15 Big Ones (37:51) (r. June 1976)
Love You (33:40) (r. March 1977)
This doesn’t count a number of compilations, from a pair of double LPs in the early 1970s to the box set in the 1990s. The fifth CD in the box set has a 9-minute, “in process” version of “God Only Knows”, the last three minutes of which begs to be released as a single. The box set was actually a present to a friend, which I got back after she died.
Of Brian’s solo discography, I have:
Brian Wilson, 1988
Gettin’ In Over My Head, 2004
What I Really Want For Christmas, 2005
The final artist to be honored is Diana Ross, or as the announcer puts it on a box set called The Motown Story, “Miss Diana Ross.”
There were LOTS of Supremes albums at my house when I grew up. Of this list, we had all of them in the 1962-1967 section except the Christmas album. When the group became Diana Ross and the Supremes, I still got a number of the albums; from that section, all except Funny Girl, Cream of the Crop, Greatest Hits 3 and Farewell.
But after her first two solo albums, I was disinclined to buy any more. I think, like many of the Motown artists, I resented how Berry Gordy pushed her to the fore. According to the December 5 Wall Street Journal, the main character in the new movie Juno wants people to know that her name came not from the capital of Alaska but from Zeus’s wife. (“She was supposed to be really beautiful but really mean, like Diana Ross.”)

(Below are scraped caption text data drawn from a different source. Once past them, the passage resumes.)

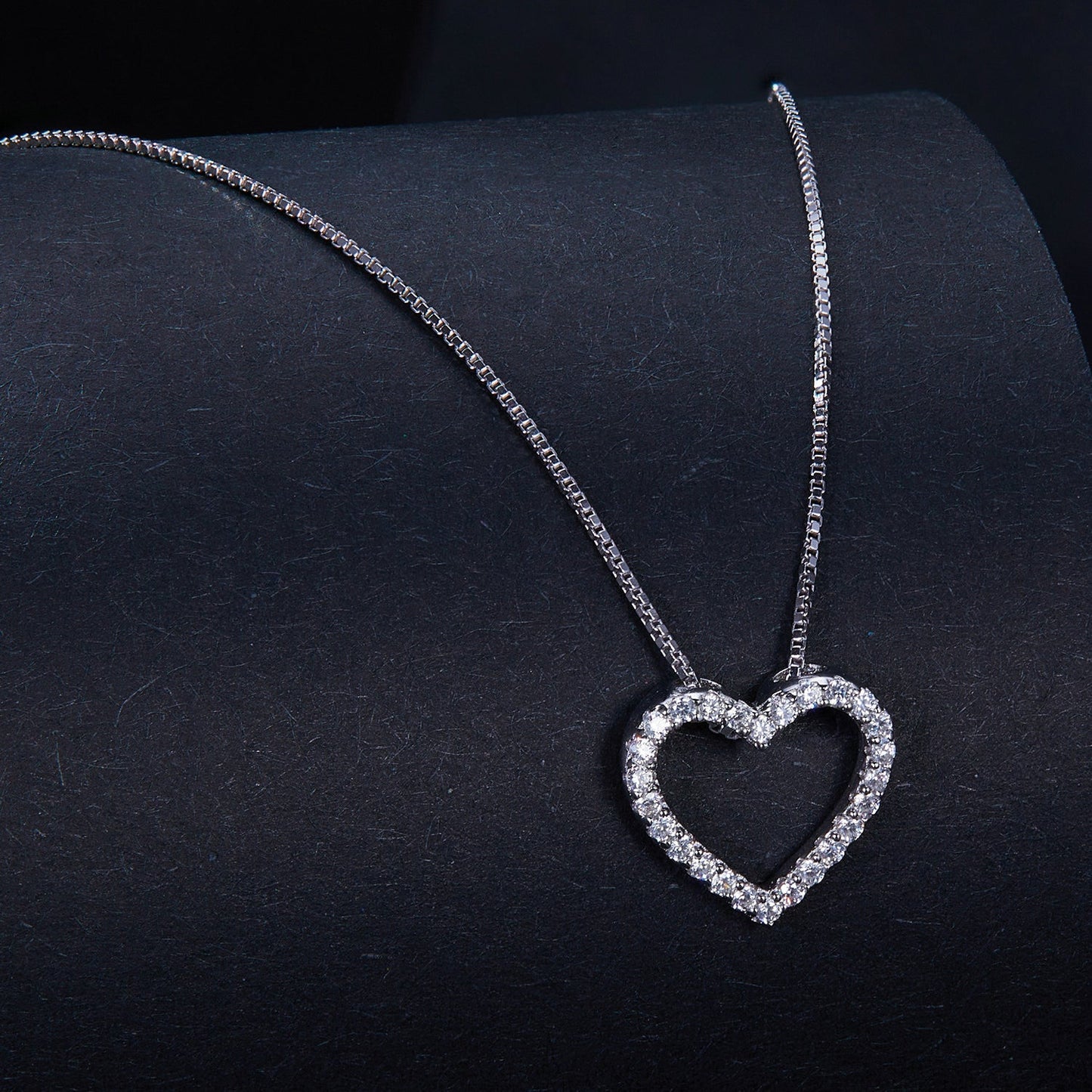 S925 Sterling Silver Necklace with Moissanite, 400mm + 50mm, Platinum Plated, Women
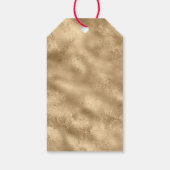 Blauwgroen groene goudglitter - kerstboom cadeaulabel (Achterkant)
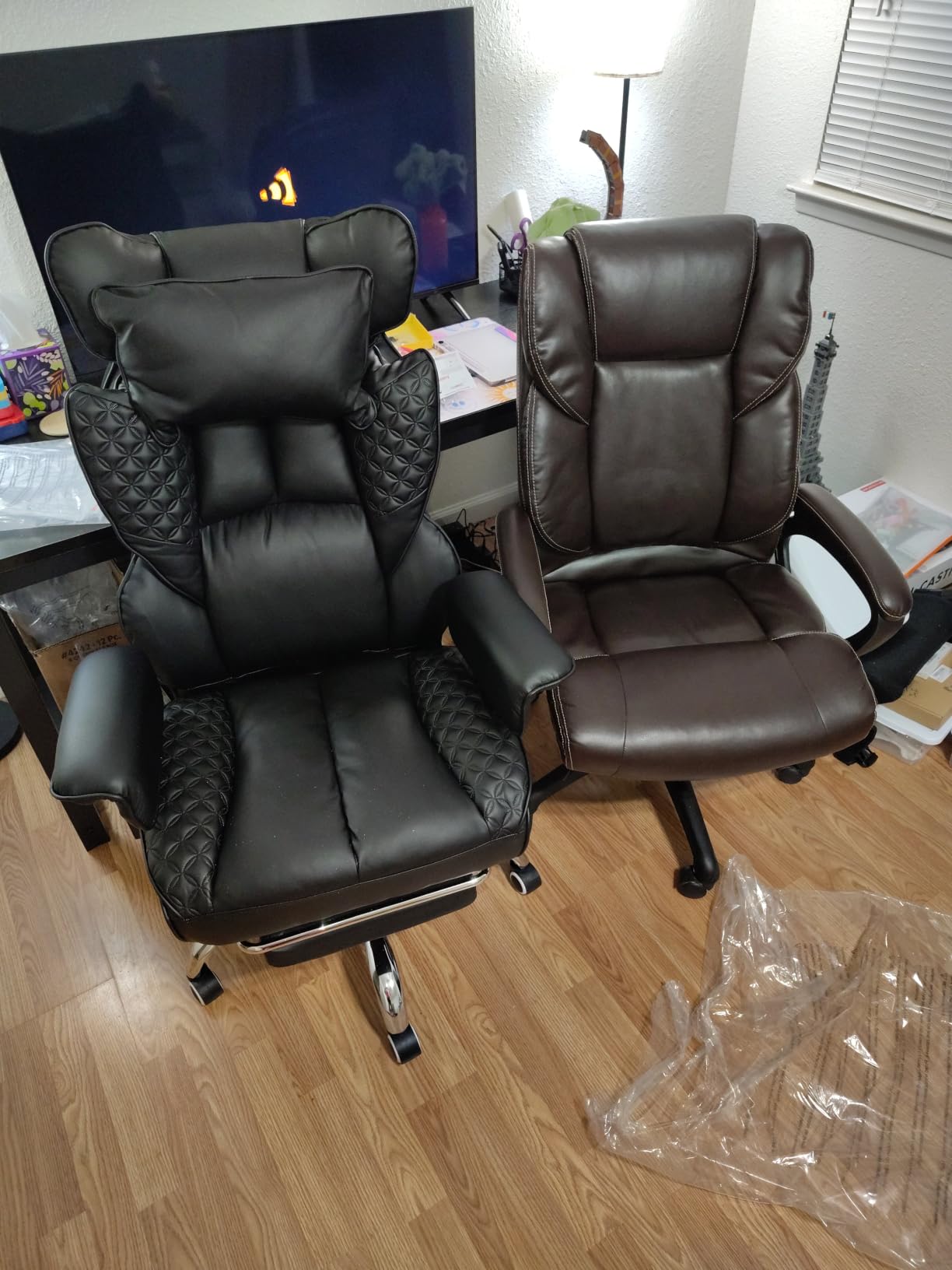 GTPLAYER Big and Tall Gaming Chair 400lbs Heavy Duty Office Chair with Foot Rest & Ergonomic Pocket Spring Lumbar Support, High Back 3D Saddle Shaped Cushion for Back Pain Relief, Matte-Black customer photo 1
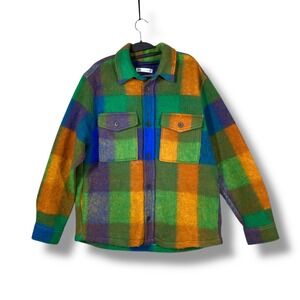 Zara Men Plaid Wool Blend Overshirt Jacket Green Orange Blue Outdoor Fall Size L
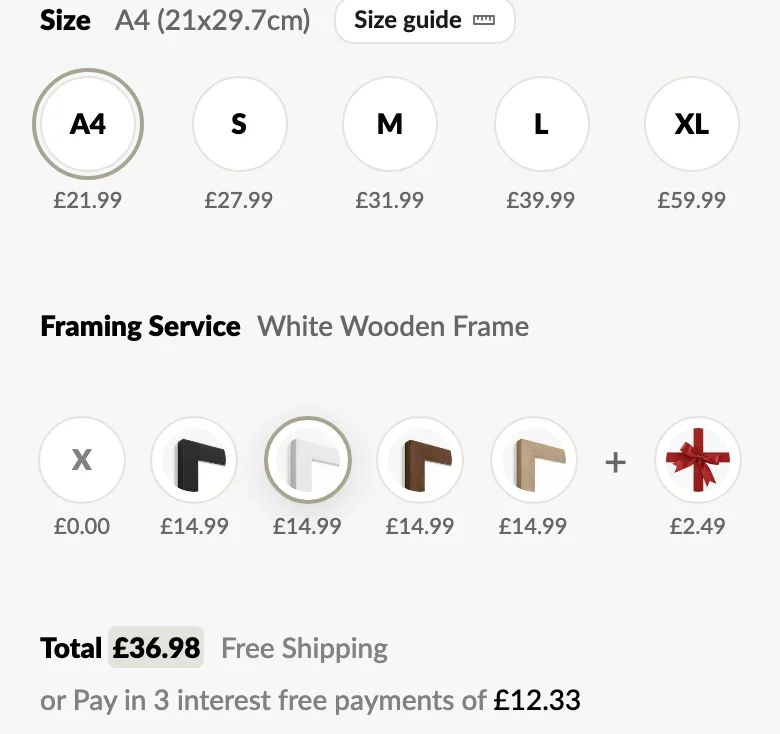 Size and frame options for a location map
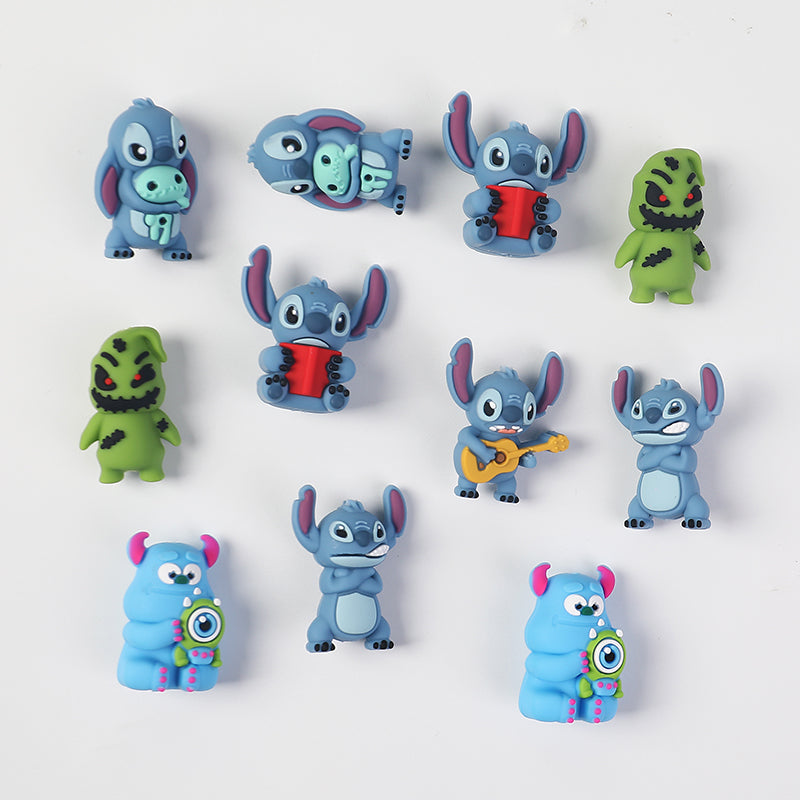 20Pcs Silicone 3D Focal Beads Blue Alien Character Large Ears Various Poses 2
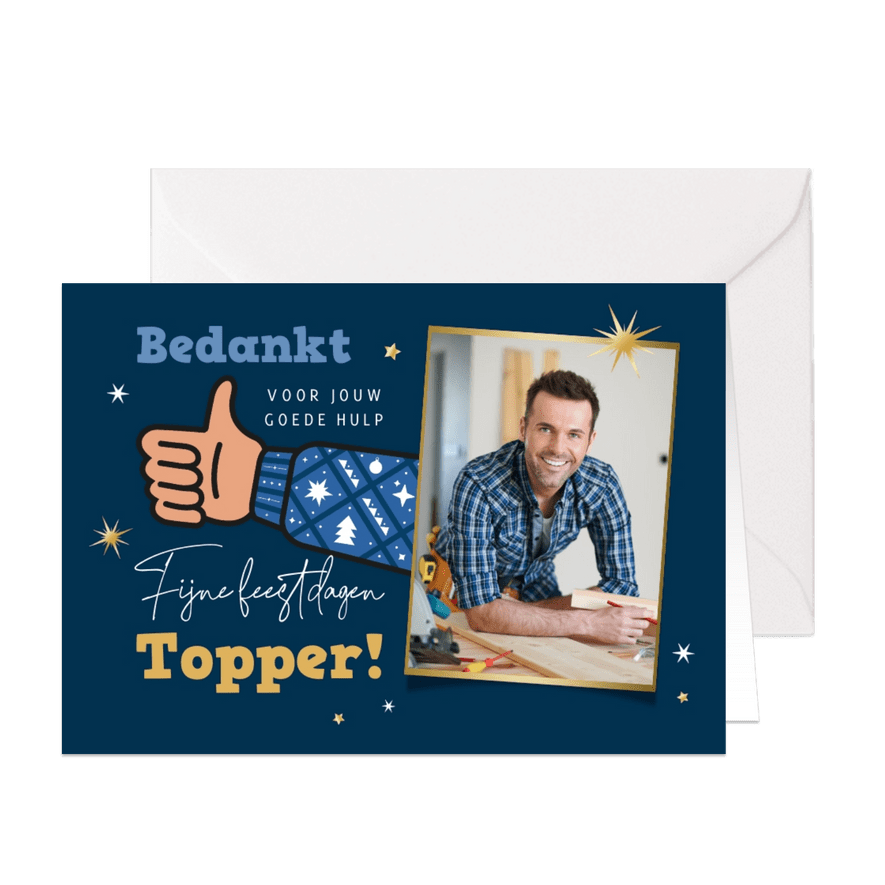 Kerstkaart bedankt klusbedrijf duim sterren foto - Kaartimpressie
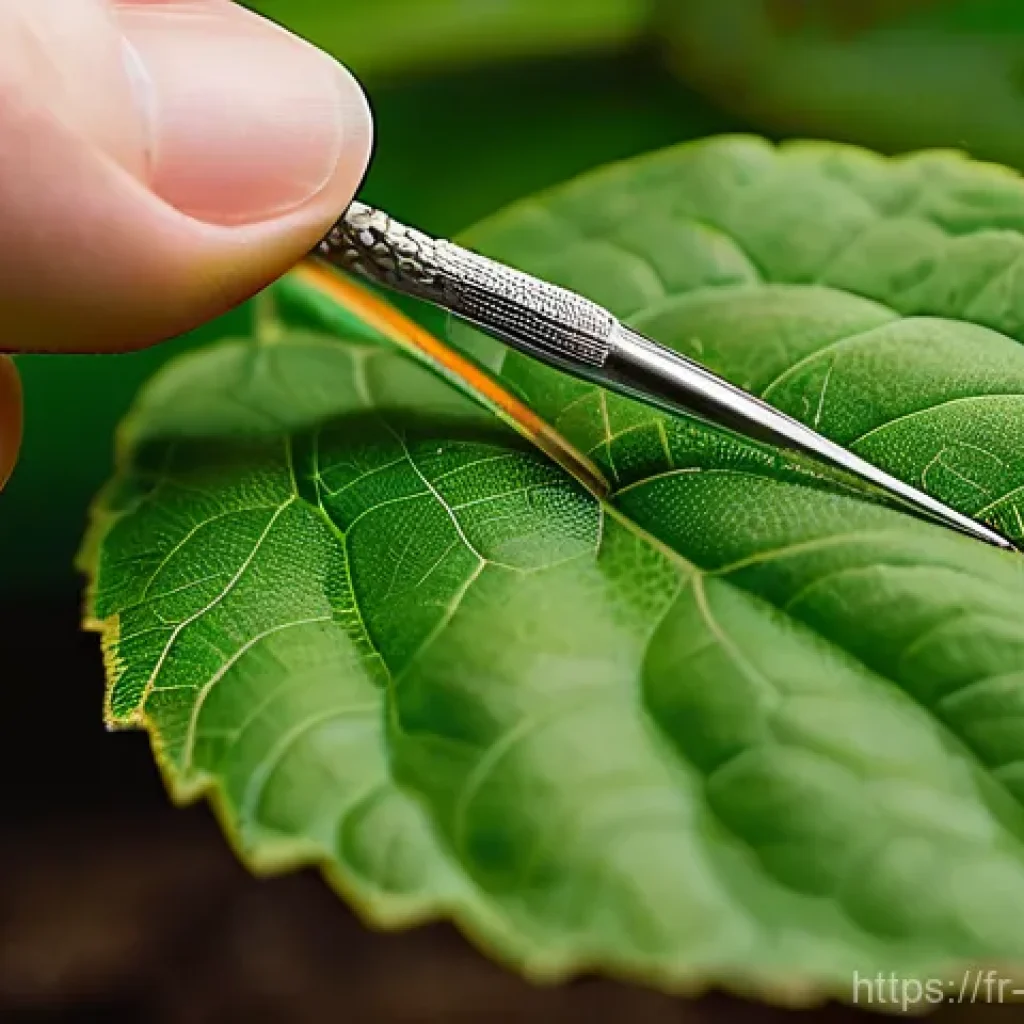 곤충의 알 채집 및 보관법 - **Prompt:** A close-up, highly detailed macro photograph of an entomologist's hands, wearing light-c...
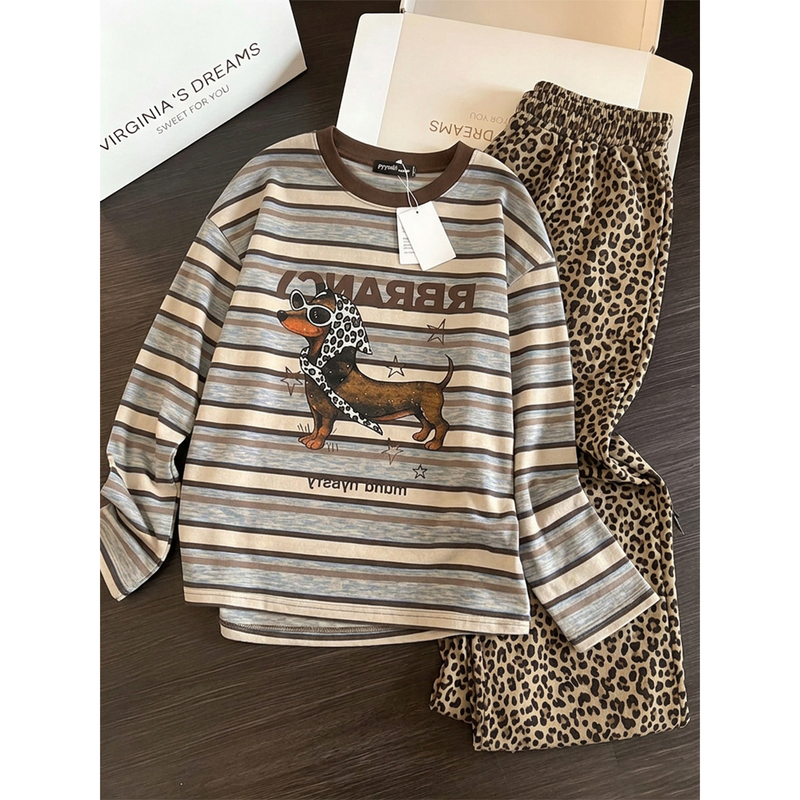 2026 New Korean Style Striped Puppy Leopard Print Cotton Pajamas for Women, Spring and Autumn Long-Sleeved Loungewear, Can Be Worn Outside in Summer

Not that I was unaware of Miss Ross. Her version of Ain’t No Mountain High Enough was the backdrop to some Black History Month assembly in 1971. Certainly I heard the hits such as Love Hangover and Upside Down. I heard Endless Love endlessly. I still have a visual of her singing in a thunder storm in Central Park.
But the bulk of her solo work eluded me. So, while I was (allegedly) doing Christmas shopping for others a couple weeks ago, I was compelled to buy The Definitive Collection Somehow, I managed to miss the anthemic “I’m Coming Out” and a number of other songs. As it’s likely my only DR on CD, matching my Supremes CD greatest hits compilation as the lone digital representation in my collection, I’m actually glad to have it.